Scattered across the state, Michigan’s wetlands provide great year-round recreation opportunities like birding, boating, fishing, hiking, photography and hunting. Now through July 14, the DNR’s Wetland Wonders Challenge offers even more reasons to visit. Stop by one of the 14 Wetland Wonders locations at state game and wildlife areas around Michigan, snap a picture next to the official sign, and you could win a Cabela’s gift card valued at up to $1,000.

But Michigan’s wetlands offer more than amazing recreation and prize opportunities. They’re key to improving and maintaining the state’s environmental health.

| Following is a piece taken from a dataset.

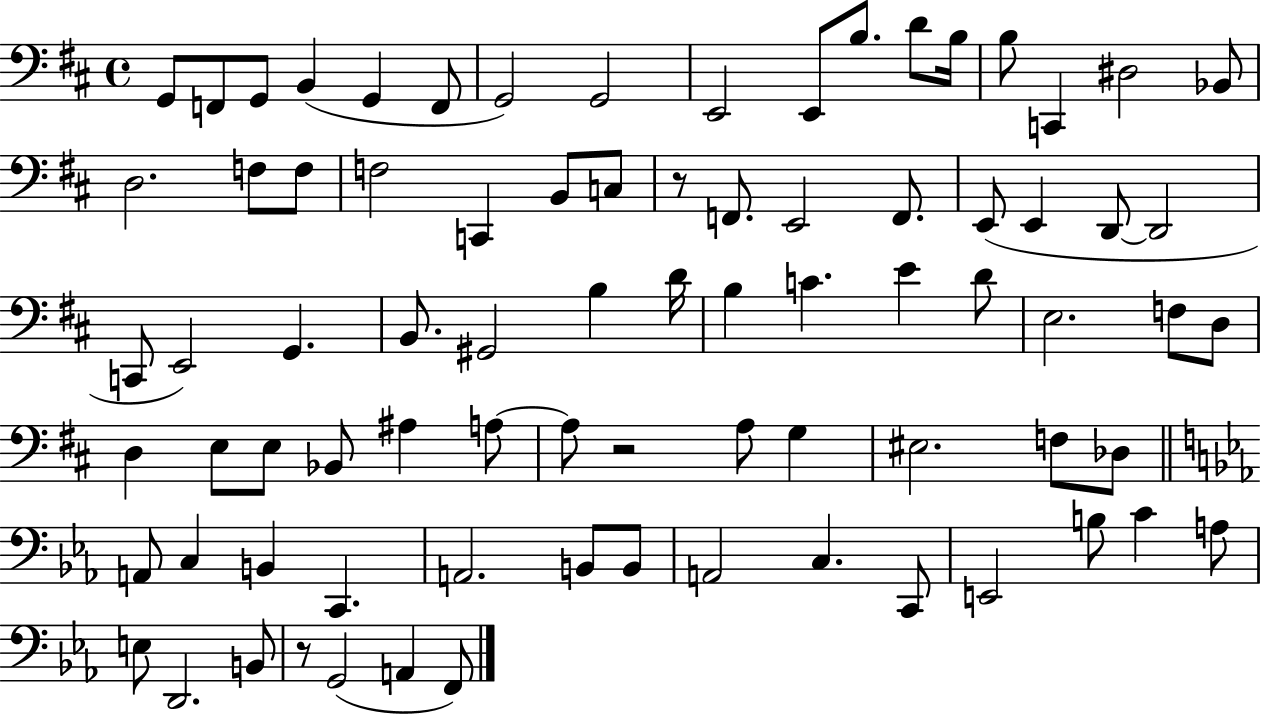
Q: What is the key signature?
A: D major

“Michigan’s wetlands are beneficial to humans and to wildlife,” said Holly Vaughn, DNR wildlife communications coordinator. “They provide important flood control functions, especially important when communities are experiencing a great deal of rainfall, and help to filter water, making our groundwater cleaner. Wetlands also provide nesting areas and resting spots for migrating birds to stop and refuel for their long migrations.”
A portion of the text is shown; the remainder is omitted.